Finlay Donovan is Killing Itby Elle Cosimano
Rating: ★★★★
isbn: 9781472282248
Series: Finlay Donovan Mystery #1
Publication Date: February 9, 2021
Pages: 359
Genre: Mystery
Publisher: Headline Review
When struggling crime writer and single mum Finlay Donovan accidentally finds herself employed as a local hit-woman, she suddenly finds herself living the life of crime previously reserved for her characters.
'It is a widely known fact that most mums are ready to kill someone by eight-thirty AM on any given Monday. . . ' Finlay Donovan, single mum and floundering crime writer, is having a hard time. Her ex-husband went behind her back to fire the nanny, and this morning she sent her four-year-old to school with hair duct-taped to her head after an unfortunate incident with scissors.

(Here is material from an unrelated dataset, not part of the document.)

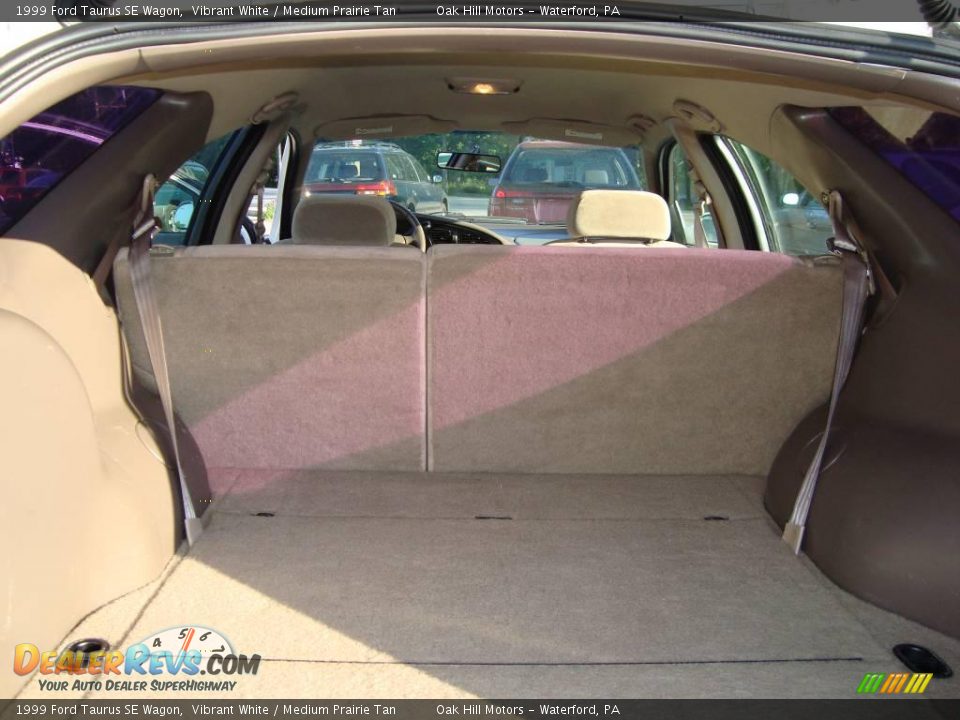 1999 Ford Taurus SE Wagon Vibrant White / Medium Prairie Tan Photo #11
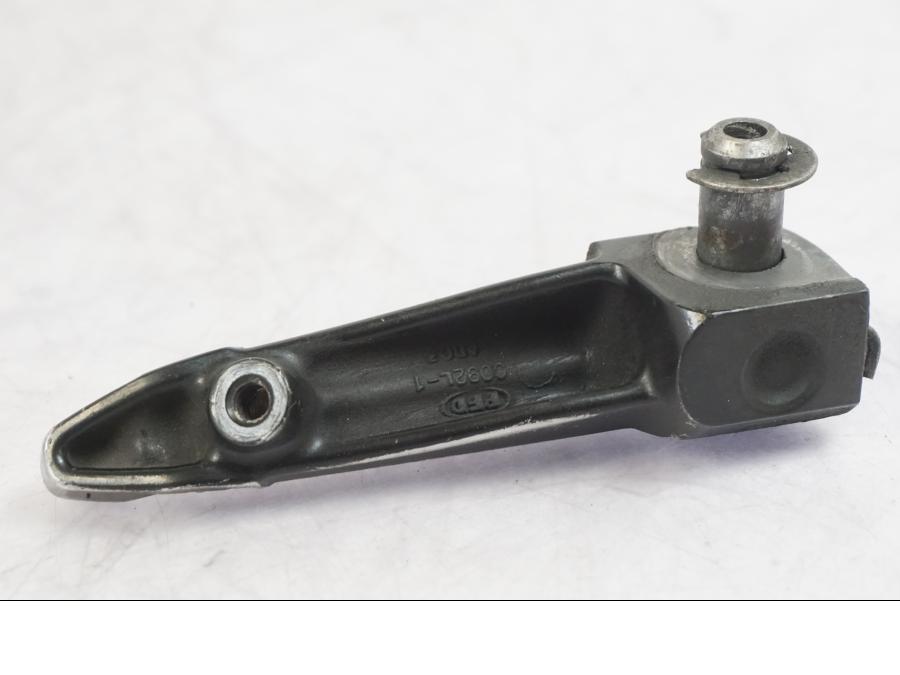 Vänster sida på Fotpinne från en Kawasaki ZX-10R -2008 motorcykel.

Making it to lunch with her literary agent is a minor victory but, as she's discussing the plot of her latest crime novel, the conversation is misinterpreted by a woman sitting nearby as that of a hit-woman offering her services to dispose of a 'problem' husband.
And when the woman slips Finlay a name and a promise of a large sum of cash, Finlay finds herself plotting something much bigger than her novel.

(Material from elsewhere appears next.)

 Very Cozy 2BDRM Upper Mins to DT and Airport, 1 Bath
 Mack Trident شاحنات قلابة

And, after all, they do always say: write what you know. . .Finlay Donovan really is killing it . . .
I’ve seen this title thrown around a few sites, but honestly, the cover turned me off because it was such an obvious knock off of Where’d You Go, Bernadette? that it felt like the publisher was trying to ride some coat-tails. But Irresponsible Reader sang its praises in one of his posts, and I decided to give it a try.

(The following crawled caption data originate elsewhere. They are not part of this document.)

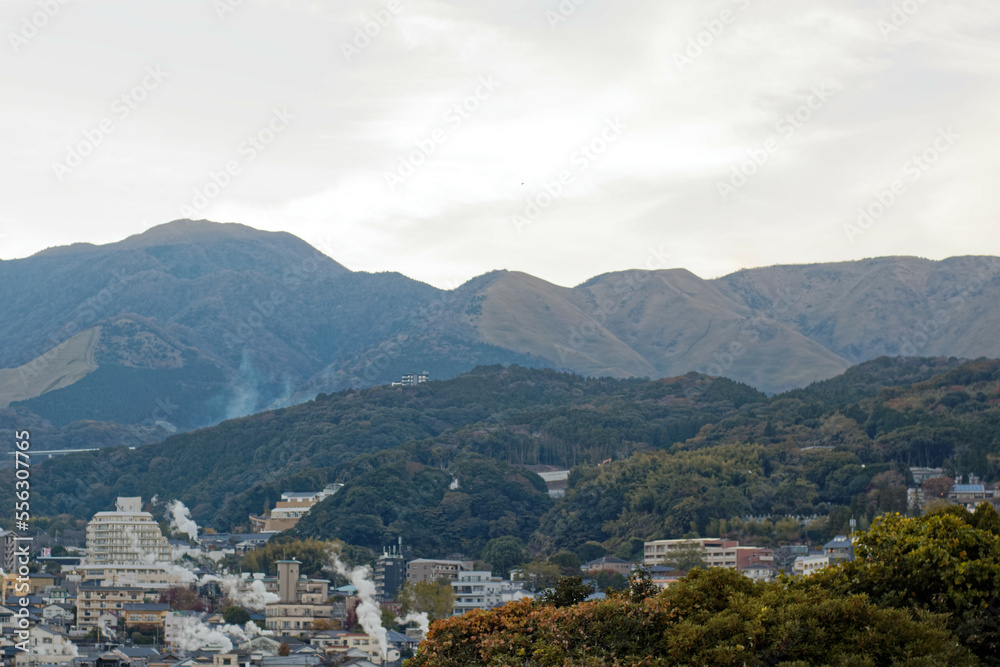 日本大分県別府市：温泉の湯けむりが上がる別府温泉の町の景色
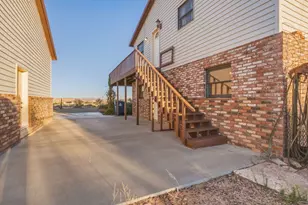 1100 S Revolution Way, Big Water, UT 84741 - Photo 35
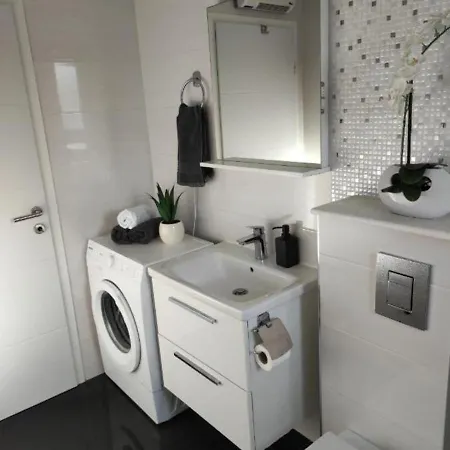 Daire Petra 2 Bedroom
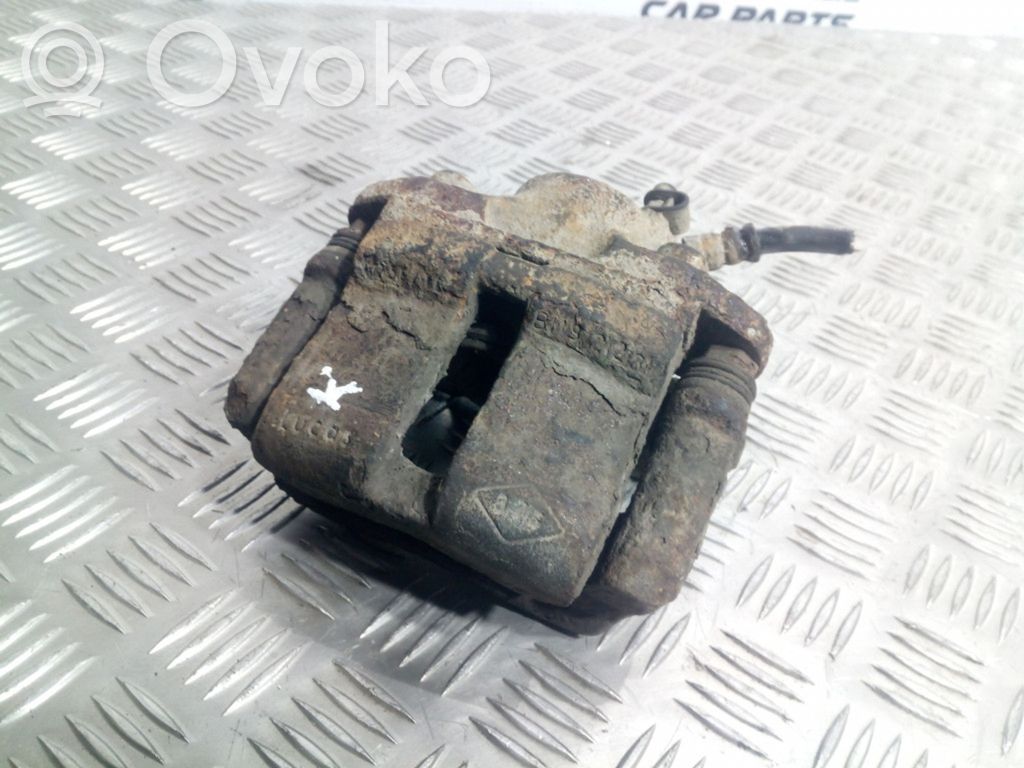 Front brake caliper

At first, I thought maybe I’d run up against my first IR recommendation dud, because I don’t enjoy reading about people who are hanging onto life by a thread, and Finlay is definitely a big, hot mess at the beginning of this book. But I kept reading, because I couldn’t figure out how the author was going to pull off a protagonist mother-of-two who kills for money and still call the book a comedy.
When the answer to that started becoming clearer, the book started to click for me, because the deeper Finlay found herself in it, the more interested and invested I became. Coincidentally, the less of a hot mess she became. The introduction of the nanny-partner also helped, because her pragmatic personality was one I could identify with (although she takes her pragmatism further than I ever could).
What I was left with was a very well written, well plotted mystery that entertained me. Cosimano gets the bonus points for pulling off a very-plausible-for-fiction explanation for all the events that take place, and for dovetailing it all nicely together at the end.
This is the first of at least 3 books (so far) and I’m definitely interested in reading the next one. Thanks again to Irresponsible Reader!